Normally, stupid wars are fought because a nation is being invaded by another one’s army due to failures in diplomacy. We are fighting two “wars” in nations that have no armies, navies or air forces, so “guerrilla” conflict against our genocidal efforts to exterminate the “enemy.”

As you can’t kill an idea, these “wars” are as unwinnable as an occupation of the United States by Iraq would be, in spite of our desperate need for a regime change.

Walden and Betty Joura
Reno

Religion causes crime
Re “The peasants revolt, send them to bed” (Right Hook, Nov. 24):

I can’t tell you how glad I was to read Mike Lafferty’s column indicating that the underlying cause of the riots in France is the Muslim religion. I had long suspected, contrary to what the liberal media would have you believe, that the Los Angeles riots in ‘92 as well as the riots in Detriot in 1989 (the same year the Pistons won the NBA championship) were caused by Christianity. In both cases, the riots took place in overwhelmingly Christian neighborhoods. I suspected that Christianity was the real cause of these incidents and am glad Mike Lafferty was able to set the record straight.

Scott Herbst
Reno

No news is bad news
I don’t have a problem with explicit material in any newspaper, if I could find one.

There’s another sanitized story about our troops being killed. The world’s press is there. Americans see nothing.

Where’s the photo? How is that a problem when I buy into being a part of an informed democracy, reading, and then am then “protected” from seeing the true images?

The reader, who’s way over here with a cup of joe, gets the idea that there’s no meaning to a name nor military attachment and all are interchangeable.

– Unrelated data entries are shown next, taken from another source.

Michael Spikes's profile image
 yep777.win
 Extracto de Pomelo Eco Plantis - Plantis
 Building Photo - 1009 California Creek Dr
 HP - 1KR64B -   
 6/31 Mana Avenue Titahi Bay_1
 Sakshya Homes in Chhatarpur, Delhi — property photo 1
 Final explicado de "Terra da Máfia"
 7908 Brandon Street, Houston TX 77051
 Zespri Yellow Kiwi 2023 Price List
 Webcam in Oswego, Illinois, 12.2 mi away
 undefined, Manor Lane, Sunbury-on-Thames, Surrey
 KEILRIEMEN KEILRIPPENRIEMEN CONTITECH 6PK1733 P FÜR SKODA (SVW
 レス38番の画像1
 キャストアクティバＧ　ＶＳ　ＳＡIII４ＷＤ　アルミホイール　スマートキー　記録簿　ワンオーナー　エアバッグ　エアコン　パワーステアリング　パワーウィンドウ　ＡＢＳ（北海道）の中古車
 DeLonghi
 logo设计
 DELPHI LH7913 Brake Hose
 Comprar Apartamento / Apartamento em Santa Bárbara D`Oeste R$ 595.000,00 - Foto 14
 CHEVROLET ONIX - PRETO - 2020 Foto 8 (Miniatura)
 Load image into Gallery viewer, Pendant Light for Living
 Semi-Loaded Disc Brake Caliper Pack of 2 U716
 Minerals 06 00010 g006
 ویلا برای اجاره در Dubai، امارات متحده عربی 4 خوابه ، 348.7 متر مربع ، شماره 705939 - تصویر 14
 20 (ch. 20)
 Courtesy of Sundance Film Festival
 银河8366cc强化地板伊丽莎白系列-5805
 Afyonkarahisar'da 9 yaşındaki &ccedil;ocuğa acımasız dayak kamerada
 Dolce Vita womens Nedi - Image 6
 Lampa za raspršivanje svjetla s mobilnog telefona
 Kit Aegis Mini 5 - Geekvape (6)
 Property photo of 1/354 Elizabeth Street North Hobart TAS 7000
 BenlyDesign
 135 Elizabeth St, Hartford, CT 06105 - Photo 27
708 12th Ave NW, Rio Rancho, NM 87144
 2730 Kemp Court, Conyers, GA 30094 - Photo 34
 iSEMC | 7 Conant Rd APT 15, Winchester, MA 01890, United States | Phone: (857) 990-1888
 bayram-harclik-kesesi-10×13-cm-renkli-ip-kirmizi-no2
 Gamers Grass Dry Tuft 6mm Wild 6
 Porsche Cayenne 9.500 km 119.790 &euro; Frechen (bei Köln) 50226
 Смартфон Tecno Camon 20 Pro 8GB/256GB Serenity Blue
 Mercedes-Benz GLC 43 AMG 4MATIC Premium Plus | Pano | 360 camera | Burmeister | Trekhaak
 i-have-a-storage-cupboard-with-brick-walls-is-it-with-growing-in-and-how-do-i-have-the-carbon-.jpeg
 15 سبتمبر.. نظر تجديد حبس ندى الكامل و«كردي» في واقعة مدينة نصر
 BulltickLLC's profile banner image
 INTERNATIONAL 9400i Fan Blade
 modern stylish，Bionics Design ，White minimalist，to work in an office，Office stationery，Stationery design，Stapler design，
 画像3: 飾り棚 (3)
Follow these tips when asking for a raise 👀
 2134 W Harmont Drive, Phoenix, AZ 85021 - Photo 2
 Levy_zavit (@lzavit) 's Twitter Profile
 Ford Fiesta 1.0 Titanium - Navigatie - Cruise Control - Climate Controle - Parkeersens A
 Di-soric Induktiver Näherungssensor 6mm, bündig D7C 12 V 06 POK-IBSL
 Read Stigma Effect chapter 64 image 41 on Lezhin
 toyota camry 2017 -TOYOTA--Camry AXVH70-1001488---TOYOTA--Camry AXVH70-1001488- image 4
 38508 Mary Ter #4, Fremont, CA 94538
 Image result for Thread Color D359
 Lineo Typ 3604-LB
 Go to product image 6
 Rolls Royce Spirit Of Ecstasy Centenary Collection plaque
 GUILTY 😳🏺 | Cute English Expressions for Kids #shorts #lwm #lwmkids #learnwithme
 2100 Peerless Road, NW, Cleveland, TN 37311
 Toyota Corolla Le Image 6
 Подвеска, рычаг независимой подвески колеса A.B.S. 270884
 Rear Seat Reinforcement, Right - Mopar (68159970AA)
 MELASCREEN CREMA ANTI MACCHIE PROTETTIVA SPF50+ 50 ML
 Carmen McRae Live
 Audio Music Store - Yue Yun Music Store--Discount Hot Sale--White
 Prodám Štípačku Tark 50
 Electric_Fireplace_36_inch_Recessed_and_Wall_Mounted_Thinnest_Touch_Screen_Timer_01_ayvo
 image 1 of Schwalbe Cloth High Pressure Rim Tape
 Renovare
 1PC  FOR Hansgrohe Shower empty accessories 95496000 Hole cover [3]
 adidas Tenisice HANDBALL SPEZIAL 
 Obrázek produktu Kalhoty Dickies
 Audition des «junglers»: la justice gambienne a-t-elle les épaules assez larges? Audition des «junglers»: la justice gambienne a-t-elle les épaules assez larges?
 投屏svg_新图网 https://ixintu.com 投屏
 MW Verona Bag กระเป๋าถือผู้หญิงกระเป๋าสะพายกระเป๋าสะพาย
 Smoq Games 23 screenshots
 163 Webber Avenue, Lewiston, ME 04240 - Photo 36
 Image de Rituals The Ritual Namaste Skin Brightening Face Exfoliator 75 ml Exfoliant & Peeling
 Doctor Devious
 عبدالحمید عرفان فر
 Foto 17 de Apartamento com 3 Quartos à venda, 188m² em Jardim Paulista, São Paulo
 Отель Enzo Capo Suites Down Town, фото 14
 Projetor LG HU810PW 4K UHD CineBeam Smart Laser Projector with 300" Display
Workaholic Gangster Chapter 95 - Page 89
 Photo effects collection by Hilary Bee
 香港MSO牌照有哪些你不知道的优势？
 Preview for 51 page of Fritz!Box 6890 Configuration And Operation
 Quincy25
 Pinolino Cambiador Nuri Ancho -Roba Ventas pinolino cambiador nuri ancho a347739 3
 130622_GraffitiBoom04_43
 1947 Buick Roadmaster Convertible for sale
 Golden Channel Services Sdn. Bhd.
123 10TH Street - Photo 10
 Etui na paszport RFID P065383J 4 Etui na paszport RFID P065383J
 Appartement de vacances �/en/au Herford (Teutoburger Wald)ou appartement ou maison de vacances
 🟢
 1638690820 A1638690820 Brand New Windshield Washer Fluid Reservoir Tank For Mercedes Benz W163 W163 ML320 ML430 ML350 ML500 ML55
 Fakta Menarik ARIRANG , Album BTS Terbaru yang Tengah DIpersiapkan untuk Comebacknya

If anyone supports the troops that much (beyond, of course, fashion), we are enabled to say, ’tween trips to the mall, what detachment is where, [and which] young men and women are losing their lives, blasted into bloody oblivion. Their blood, their last thing in the world, pooling to evaporate in some foreign desert for nothing.

There’s a lie right there. We can’t even bother [to know which young men and women are deployed where].

Jack the nozzle into the gas pump. This time, jack it harder. That’ll fix everything.

As Madison Avenue will freely attest, we are a visually-oriented species, primed for stupidity, wallets dancing deftly on the bottom line.

But if one looked up “explicit” between swallowing their daily dose of delusional—I’m sorry, crafted—crap, one finds that “explicit” means a conveyance of a fundamental character, the act of making clear and distinct. While anything in the world can be perverted—governments, religion, morals, ethics—only a fool would believe, like the Druids, that some threat incarnate somehow resides in secret outside theirself.

Craig Ayres-Sevier
Reno

And we welcome you, too
The congregation of First United Methodist Church wants the people of Reno and Sparks to know we remain more open than ever to the fullness of God’s creativity! Ages, colors, classes, creeds, conditions, genders, nationalities, sexualities—you name it, one God makes and keeps us all! While religious traditions and national denominations may quake and quarrel over opening hearts, minds, and doors to all people, local churches like ours are doing it day by day! Whoever you are, we welcome you—in the name of the One who welcomes us all!

Kay Greene
Reno

What’s censored?

Re “Censored” (Feature story, Dec. 1):

Kinda laughable that Project Censored wants to include disputes about the 2004 election among the “big stories the mainstream media ignored” last year. Who do they cite as “proof” of this but none other than Jesse Jackson writing in the Seattle Post-Intelligencer (in what could only have been an opinion piece).

Perhaps Mother Jones said it best back in 2000 in an opinion piece called “The Unbearable Lameness of Project Censored:”

“It should embarrass us that Project Censored has become a thinly veiled excuse for an alternative press self-love-fest, an opportunity for us to give ourselves awards, something to convince us that we’re doing well and doing good. Are we really that insecure?” (Mother Jones, April 11, 2000)

Probably the most ignored news story about the 2004 election would be Patricia Axelrod’s lawsuit against Dean Heller over his alleged miscount of the Nevada Presidential vote. Results of said lawsuit: zip, zero, nada—nothing came out of this high-profile publicity stunt.

The main problem with any of these Project Censored stories is that even six months down the road they turn into Project Meaningless stories. Thank you for sparing us from a reprint of their whole pathetic report.